5/10
Acceptable coupling makes a barely acceptable viewing
16 December 2002
Bearing in mind that `In Love and War' is just not in the same league as that gigantic masterpiece `Gandhi' (1982) (qv), we can accept that his directing of this film is adequate. The film is not overly romantic and does not dwell too heavily on secondary matters.

Evidently here Chris O'Donnell enjoys a better coupling with Sandra Bullock than he does with Drew Barrymore in the recently seen `Mad Love' (1995) (qv). The chemistry between O'Donnell and Bullock seems to work here better, and thus makes this film just about acceptable viewing.
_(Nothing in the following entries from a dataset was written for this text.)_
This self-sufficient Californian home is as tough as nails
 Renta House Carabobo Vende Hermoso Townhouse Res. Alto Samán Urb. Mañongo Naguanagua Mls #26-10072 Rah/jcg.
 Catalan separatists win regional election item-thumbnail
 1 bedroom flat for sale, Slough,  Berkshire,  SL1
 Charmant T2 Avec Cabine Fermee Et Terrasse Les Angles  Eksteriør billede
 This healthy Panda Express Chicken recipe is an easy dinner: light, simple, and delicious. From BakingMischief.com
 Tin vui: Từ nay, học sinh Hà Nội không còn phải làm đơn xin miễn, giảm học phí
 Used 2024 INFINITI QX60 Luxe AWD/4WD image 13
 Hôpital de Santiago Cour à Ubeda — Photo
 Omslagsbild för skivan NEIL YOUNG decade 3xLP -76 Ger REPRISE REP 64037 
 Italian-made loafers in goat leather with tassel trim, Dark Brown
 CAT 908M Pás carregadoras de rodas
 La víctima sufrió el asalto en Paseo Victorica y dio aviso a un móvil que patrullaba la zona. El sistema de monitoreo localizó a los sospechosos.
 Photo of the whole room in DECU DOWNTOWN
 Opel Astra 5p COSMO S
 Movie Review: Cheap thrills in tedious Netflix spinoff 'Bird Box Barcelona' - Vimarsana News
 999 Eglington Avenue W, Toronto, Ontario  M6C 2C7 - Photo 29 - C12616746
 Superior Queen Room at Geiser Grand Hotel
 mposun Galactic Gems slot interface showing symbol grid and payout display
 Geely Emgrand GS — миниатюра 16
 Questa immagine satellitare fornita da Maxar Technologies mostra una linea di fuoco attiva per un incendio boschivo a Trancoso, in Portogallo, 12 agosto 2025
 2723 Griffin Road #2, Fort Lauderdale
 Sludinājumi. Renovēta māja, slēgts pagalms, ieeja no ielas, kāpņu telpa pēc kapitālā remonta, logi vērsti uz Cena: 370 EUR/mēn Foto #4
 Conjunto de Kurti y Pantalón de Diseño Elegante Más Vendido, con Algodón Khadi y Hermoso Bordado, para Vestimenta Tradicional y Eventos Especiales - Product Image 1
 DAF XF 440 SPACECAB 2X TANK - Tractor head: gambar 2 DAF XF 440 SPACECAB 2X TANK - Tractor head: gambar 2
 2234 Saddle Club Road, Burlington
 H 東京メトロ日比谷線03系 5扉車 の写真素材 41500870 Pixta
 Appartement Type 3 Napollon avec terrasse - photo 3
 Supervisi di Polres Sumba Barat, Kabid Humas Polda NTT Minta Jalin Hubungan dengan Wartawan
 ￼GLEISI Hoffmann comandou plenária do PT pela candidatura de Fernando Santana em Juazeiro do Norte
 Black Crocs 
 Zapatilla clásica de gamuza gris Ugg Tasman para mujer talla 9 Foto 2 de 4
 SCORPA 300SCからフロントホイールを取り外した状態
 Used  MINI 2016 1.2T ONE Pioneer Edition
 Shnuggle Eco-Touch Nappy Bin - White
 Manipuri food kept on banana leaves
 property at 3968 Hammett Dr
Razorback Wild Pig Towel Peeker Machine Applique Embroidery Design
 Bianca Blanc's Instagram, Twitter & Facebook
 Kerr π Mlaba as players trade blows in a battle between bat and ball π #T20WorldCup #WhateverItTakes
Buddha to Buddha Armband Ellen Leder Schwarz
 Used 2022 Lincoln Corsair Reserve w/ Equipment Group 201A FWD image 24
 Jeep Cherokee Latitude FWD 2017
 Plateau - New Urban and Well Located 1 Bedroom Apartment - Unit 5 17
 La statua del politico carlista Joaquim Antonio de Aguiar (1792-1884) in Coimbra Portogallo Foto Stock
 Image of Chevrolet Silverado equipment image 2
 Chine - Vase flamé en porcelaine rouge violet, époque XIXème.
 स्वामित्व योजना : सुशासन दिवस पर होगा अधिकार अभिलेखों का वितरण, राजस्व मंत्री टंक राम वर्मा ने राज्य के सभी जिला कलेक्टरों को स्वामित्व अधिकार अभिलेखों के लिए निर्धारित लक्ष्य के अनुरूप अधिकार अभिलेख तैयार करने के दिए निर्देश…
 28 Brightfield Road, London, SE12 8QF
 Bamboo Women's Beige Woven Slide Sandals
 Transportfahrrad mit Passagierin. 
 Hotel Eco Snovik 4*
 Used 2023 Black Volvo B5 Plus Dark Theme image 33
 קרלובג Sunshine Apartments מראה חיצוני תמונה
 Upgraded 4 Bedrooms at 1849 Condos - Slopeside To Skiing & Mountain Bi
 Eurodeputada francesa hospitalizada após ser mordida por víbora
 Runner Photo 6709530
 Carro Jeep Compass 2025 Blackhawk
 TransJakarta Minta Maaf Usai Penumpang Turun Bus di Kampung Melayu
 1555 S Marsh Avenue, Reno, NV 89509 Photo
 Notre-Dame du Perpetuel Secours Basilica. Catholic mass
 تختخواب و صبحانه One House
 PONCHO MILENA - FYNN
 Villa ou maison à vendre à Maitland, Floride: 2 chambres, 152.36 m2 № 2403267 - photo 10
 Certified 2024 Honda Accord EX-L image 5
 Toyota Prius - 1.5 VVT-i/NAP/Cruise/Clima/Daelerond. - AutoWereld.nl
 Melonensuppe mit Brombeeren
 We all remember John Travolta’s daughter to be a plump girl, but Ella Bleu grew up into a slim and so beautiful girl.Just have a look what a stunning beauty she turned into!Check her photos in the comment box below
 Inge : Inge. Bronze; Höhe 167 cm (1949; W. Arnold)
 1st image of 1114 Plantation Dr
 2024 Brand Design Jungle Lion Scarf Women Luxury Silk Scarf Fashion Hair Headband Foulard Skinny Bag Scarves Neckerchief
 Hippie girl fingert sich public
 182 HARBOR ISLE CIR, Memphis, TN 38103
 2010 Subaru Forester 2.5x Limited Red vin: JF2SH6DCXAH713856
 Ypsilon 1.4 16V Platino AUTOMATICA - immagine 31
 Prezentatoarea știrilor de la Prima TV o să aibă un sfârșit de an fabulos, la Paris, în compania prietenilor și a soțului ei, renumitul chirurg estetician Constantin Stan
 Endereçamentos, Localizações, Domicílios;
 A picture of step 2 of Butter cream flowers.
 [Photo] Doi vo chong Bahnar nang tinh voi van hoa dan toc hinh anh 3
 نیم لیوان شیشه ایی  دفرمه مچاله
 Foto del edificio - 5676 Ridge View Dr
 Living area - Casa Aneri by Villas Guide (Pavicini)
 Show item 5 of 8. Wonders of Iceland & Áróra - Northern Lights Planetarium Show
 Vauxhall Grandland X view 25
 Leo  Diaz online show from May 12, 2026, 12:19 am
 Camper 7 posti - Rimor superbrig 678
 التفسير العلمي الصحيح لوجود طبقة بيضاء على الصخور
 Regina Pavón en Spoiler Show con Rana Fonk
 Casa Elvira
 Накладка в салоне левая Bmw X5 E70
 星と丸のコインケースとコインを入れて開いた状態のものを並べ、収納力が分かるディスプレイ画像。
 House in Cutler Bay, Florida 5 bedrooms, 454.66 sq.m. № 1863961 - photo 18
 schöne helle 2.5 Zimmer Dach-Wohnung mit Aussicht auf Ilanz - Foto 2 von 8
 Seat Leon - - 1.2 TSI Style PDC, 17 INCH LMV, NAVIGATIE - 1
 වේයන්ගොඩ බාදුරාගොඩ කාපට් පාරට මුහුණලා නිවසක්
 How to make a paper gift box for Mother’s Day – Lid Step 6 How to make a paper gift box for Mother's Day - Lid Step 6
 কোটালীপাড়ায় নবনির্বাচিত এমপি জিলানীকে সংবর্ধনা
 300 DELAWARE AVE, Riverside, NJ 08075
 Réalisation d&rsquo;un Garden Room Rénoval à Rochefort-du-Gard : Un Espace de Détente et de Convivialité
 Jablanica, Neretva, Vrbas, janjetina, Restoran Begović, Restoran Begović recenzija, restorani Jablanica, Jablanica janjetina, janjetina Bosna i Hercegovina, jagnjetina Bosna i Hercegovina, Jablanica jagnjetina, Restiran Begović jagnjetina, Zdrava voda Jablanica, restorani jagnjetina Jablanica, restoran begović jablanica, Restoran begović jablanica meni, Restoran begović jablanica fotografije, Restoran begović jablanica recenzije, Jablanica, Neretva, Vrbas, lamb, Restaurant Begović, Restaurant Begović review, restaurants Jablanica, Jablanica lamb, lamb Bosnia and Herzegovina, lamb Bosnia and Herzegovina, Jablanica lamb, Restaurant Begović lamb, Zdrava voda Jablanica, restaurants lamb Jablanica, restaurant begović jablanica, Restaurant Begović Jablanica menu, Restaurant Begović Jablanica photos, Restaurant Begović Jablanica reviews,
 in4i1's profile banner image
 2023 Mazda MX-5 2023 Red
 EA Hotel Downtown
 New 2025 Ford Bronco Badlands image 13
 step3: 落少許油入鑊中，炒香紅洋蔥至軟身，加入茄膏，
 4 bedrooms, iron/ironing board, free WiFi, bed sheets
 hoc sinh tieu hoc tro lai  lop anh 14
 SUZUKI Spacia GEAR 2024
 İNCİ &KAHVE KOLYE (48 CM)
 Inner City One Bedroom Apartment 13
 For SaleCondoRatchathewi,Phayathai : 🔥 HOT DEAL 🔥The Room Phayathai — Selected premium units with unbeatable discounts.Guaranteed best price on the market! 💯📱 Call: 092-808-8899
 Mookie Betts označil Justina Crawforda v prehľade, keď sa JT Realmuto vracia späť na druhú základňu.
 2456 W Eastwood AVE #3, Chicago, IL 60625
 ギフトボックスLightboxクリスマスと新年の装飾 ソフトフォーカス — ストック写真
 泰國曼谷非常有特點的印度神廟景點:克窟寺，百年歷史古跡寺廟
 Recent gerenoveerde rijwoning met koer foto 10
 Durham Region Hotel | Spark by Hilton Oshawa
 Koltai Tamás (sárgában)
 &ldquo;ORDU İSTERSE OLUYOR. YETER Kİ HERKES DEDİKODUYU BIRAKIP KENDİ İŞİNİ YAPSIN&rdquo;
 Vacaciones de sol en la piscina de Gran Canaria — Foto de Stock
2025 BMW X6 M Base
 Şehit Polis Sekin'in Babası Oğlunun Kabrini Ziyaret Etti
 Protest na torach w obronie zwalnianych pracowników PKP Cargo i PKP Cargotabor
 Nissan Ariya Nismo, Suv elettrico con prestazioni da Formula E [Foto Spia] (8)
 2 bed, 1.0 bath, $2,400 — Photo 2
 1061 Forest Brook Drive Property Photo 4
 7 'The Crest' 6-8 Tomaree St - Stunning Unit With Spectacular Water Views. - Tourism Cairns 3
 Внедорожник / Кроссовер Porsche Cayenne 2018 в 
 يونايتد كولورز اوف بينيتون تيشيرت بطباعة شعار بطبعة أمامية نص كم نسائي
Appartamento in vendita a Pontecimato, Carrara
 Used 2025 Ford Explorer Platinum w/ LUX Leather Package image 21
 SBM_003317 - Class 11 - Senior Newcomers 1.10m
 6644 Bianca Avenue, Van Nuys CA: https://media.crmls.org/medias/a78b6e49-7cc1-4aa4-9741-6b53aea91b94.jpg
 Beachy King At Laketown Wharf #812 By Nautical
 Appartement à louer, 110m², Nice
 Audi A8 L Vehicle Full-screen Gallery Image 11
Based on Ernest Hemingway's experiences in Italy in World War I (see also `A Farewell to Arms') but here adapted with contributions by Henry Villard to whom the film is dedicated `in memoriam', one cannot help thinking that even an eighteen-year-old Hemingway was somewhat different in character to how he is portrayed here. Hemingway was an insufferable egoist, very macho, and largely unable to come to terms with himself, and so his honesty and sincerity simply vanished into a cloud of drink-laden macho expostulations. He never became a great writer. The only time we get close to anything authentic is in his short novel `The Snows of Kilimanjaro', where, using his experience of having had gangrene, he was able to tell a story which shed the veneer of bravura which Hemingway generally carried around with him as part of his well-travelled suitcase luggage. If you are into bullfighting, obviously his book `Death in the Afternoon' is obligatory reference, however dated it may be by now.

Oh, by the way, parts of this film were shot in Veneto, and thus in a few places where that great TV series of 1982 `Verdi' was also made.